What neither planters nor laborers fully understood at the time was the degree to which Virginia's farms were integrated into a national market economy. Steam ships and railroads transported Virginia products across the nation—indeed around the world. Oysters harvested from the Chesapeake Bay in the early morning were served to patrons in New York restaurants later that same day.
The development of transportation networks benefited such extractive industries as mining, fishing, and timbering and changed the landscape of rural Virginia. Timber companies quickly stripped the state's mountains of their hardwood forests. The sparse population in southwest Virginia forced coal mining companies to construct entire towns to provide for miners and their families. In the Northern Neck, Reedville became the center for the menhaden industry, and fish factories processed this small bony fish into fertilizer, oil, and meal for poultry.
The depressions that marked American society in the late nineteenth century greatly affected farmers. By the twentieth century, however, crop prices began to rise. In fact, the first two decades of the twentieth century are viewed today as a "golden age" for American agriculture. With more money in their pockets, farmers purchased tractors and other machinery, making their farms more productive and efficient. The turn of the twentieth century also saw the emergence of a new field of study—agricultural science—that focused on improving rural life. Agricultural experiment stations were established in Blacksburg and Arlington. Eventually extension agents were placed in every county to educate farmers about everything from improving livestock to preventing crop diseases.

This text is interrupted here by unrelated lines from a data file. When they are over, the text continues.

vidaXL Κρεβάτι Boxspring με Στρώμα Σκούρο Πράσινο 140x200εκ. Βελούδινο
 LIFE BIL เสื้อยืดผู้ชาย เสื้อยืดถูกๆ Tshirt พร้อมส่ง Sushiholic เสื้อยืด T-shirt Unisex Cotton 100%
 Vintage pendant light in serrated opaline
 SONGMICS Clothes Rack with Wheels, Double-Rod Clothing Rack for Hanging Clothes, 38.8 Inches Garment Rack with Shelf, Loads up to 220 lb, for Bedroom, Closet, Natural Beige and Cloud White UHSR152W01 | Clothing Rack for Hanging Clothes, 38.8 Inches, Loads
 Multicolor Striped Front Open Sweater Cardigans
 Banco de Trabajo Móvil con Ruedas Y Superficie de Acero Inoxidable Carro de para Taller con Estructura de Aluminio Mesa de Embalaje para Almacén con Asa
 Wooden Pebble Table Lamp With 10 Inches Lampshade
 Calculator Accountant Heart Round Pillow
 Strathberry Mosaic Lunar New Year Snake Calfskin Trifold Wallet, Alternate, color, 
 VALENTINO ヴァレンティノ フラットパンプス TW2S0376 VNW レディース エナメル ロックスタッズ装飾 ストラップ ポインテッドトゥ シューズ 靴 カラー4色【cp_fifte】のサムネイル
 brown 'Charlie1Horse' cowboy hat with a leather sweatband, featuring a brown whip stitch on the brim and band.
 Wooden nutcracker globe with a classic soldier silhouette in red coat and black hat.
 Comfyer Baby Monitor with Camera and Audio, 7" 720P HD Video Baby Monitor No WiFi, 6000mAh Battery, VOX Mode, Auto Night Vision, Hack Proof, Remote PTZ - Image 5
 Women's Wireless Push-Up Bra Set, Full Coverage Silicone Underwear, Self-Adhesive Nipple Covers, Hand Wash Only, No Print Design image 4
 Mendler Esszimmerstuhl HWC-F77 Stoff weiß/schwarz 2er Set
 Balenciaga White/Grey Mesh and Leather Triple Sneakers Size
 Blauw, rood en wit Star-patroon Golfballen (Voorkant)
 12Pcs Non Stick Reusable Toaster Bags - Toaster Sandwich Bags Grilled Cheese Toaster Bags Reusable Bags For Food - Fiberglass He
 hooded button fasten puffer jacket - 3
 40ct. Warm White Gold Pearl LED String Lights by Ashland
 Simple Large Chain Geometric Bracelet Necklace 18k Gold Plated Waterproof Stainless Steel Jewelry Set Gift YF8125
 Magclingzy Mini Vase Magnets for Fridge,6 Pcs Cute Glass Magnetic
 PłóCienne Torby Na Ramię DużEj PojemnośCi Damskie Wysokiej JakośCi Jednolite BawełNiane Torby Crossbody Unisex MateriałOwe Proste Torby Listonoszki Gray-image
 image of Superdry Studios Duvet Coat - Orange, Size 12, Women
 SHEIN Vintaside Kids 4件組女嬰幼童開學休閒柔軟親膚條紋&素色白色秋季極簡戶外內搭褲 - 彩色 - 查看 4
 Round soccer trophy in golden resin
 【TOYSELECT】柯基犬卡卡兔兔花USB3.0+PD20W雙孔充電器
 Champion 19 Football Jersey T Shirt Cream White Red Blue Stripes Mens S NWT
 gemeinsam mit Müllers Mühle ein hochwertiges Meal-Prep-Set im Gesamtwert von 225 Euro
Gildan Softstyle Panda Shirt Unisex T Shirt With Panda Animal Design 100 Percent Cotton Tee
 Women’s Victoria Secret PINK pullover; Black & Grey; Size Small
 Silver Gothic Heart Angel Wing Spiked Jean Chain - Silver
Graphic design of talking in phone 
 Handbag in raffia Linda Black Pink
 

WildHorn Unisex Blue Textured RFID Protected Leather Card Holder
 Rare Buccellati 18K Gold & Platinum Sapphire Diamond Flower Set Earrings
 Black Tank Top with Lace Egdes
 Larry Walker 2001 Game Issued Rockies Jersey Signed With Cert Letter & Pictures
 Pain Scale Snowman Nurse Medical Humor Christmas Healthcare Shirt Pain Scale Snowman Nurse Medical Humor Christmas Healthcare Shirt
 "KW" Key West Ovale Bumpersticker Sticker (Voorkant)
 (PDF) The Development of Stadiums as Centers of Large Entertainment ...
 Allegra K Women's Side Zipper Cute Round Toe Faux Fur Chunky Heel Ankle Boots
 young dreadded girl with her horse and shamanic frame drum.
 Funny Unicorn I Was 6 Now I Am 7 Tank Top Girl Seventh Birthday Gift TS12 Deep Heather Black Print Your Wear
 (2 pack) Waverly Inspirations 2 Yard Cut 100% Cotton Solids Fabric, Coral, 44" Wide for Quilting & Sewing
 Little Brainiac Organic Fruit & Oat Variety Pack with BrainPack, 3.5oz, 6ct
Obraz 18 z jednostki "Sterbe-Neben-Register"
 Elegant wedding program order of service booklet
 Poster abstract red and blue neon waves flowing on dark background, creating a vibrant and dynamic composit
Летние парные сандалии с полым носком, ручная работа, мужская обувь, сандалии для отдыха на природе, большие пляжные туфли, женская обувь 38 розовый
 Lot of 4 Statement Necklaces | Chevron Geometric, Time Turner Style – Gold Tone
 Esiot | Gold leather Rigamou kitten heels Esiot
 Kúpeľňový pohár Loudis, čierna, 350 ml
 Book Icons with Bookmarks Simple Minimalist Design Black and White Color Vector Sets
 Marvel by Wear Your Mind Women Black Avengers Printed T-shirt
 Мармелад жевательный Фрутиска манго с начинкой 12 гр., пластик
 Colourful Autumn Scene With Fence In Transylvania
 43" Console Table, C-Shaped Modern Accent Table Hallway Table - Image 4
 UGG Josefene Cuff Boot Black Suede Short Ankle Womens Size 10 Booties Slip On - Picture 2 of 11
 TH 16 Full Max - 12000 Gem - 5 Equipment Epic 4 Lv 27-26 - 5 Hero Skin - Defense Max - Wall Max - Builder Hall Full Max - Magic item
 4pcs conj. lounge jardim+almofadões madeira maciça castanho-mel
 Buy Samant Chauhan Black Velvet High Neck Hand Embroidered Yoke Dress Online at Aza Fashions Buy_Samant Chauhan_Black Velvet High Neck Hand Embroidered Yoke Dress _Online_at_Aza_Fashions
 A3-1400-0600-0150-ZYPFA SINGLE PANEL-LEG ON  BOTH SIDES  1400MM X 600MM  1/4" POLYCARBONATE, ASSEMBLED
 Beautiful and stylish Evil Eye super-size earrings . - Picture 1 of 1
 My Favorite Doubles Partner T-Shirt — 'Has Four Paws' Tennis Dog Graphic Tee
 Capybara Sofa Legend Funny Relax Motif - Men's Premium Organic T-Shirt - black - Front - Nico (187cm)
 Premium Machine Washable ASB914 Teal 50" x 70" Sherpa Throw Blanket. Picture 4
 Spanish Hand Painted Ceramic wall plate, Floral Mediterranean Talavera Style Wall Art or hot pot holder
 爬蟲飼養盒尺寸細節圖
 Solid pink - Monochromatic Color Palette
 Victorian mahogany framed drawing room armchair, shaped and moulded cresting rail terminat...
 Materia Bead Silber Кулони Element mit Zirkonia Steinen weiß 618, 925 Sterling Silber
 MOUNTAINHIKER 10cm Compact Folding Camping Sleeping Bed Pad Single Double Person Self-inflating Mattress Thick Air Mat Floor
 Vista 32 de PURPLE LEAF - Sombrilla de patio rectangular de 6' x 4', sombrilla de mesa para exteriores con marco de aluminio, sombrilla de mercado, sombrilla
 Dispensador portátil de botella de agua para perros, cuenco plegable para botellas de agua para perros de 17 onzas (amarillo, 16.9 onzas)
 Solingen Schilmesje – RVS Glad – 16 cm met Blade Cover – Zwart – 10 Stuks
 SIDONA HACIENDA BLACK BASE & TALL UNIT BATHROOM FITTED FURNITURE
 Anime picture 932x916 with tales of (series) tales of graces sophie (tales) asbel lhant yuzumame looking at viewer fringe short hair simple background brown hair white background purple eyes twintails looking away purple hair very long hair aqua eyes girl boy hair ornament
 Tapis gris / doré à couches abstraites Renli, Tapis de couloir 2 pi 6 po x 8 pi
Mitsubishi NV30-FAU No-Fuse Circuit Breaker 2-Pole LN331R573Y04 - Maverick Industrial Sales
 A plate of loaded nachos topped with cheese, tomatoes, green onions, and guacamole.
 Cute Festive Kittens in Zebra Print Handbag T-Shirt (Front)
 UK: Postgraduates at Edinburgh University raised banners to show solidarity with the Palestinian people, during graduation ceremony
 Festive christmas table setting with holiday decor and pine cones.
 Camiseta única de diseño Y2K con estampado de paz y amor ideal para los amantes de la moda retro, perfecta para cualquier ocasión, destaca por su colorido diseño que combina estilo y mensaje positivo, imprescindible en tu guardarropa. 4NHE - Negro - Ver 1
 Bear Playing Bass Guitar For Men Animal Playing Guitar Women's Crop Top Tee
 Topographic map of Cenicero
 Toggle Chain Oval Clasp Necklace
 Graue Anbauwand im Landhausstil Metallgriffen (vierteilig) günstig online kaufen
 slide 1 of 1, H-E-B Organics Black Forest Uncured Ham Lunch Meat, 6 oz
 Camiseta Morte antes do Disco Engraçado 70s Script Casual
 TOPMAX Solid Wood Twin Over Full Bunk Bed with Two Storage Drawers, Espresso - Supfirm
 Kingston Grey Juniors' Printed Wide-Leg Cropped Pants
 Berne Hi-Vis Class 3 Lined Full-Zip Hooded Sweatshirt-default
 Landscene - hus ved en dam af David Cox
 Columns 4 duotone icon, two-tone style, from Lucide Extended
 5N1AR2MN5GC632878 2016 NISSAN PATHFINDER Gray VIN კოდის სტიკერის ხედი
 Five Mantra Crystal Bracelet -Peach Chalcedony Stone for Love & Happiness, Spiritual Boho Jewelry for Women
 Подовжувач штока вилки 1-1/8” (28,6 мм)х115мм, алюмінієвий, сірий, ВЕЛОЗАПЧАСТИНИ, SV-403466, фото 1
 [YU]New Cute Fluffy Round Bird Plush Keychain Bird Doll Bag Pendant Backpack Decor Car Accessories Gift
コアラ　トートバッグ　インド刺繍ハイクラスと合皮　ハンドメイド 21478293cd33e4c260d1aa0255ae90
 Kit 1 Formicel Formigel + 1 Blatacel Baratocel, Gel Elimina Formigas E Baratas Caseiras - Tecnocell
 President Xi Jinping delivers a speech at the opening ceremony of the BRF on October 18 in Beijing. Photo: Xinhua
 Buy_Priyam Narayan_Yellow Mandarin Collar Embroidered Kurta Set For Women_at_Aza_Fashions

Perhaps the era's most famous agricultural scientist was George Washington Carver, but he was just one of a number of experts who worked with farmers to improve the quality of their crops. Carver is most famous for discovering numerous uses for the peanut, but he was also instrumental in his advocacy of the soybean, a crop that revitalized farms in eastern Virginia.
The golden age of agriculture ended with the close of World War I. For many farmers, the Great Depression was just a continuation of hard times that began around 1920. Virginia farmers tended to fare better than farmers elsewhere, largely because of the prevalence of truck and dairy farming and the continued popularity of tobacco. Nonetheless, drought and the Great Depression in the late 1920s and early 1930s hit Virginia farmers especially hard. It would take another world war to help them recover. That war would also bring about the kinds of changes—consolidation, mechanization, and rationalization—that occurred in the first two decades of the century.
Because of these factors, there are half as many farmers in Virginia today than there were fifty years ago, even though there is almost as much land—32 percent of the state's land area—under cultivation. Today, Virginia's farms employ fewer than 40,000 full and part-time workers.